Stories

How will you be travelling this year?

January 26, 2017 by Laura Mitchell, 4 minute read time

Turquoise sky with clouds travel trends 2017 The Great Escape Bespoke 2.0 Esoterica

When planning your goals and likely achievements for the year ahead, your approach to travel needn’t be left behind.

To help, we’ve taken our learnings from the past year and curated what we’ve seen as the fresh approaches to travel.

Build it and they will come: There is an undeniable interest of travelers wanting to access the inaccessible without compromising on comfort. Imagine Afghanistan’s remote Wakhan Corridor, the depths of the Amazon or the Sahara Desert – all remote and challenging places. What if you could explore, discover and exert yourself by day and reward yourself at dusk with unimagined levels of comfort and intelligent luxury. Suddenly the world’s most remote and interesting places just got even more interesting.

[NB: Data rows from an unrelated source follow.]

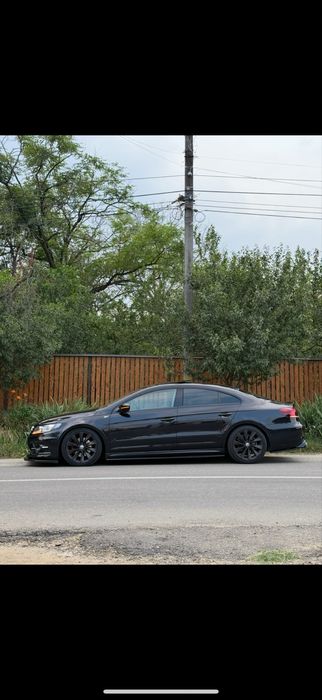 VW CC R-Line Maxton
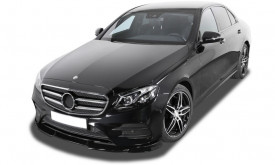 Spoiler, prelungire bara fata RDX Vario-X Design compatibil MERCEDES E-Class AMG & E43 AMG W213 / S213 2016-2020 - Img 3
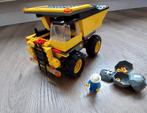 Lego set 4202 mijnwerkers auto, Ophalen of Verzenden, Zo goed als nieuw, Complete set, Lego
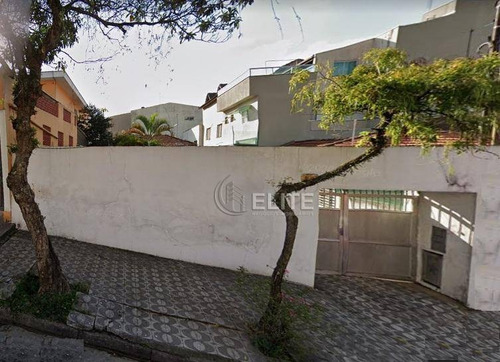 Terreno À Venda, 480 M² Por R$ 1.060.000,00 - Vila Pires - Santo André/sp - Te0385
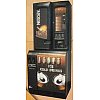 Entièrement automatique 10 choix de boissons Distributeur de sucre deux choix Mélangeur automatique ...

The Great Escape:  According to research the wealthiest 1% of U.S travelers says that ‘learning new things’ is the third most important benefit of travelling. Evidence suggests that other nationalities feel the same. With this in mind, it’s no surprise that people taking longer to discover places and to experience them more deeply, with ‘gap-years’ being incorporated into a great escape. Perhaps thirty days exploring South East Asia or a North American cultural road trip. Finding shared interests and values within different cultures opens up endless possibilities and the most sophisticated travelers recognize the value of this, for themselves and their loved ones.

Bespoke 2.0: The origins of the word ‘bespoke’ lie firmly in Savile Row, but it is in the luxury travel realm that Bespoke 2.0 has been conceived to meet a trend towards ultra-personalization. Bespoke 2.0 travel experiences allow minute-by-minute flexibility to reflect a traveler’s ever-evolving needs, interests or whims as they react to a new a new environment or stimuli. Whilst itineraries or programs might be a starting point, increasingly, clients want intense flexibility and unprecedented personalization.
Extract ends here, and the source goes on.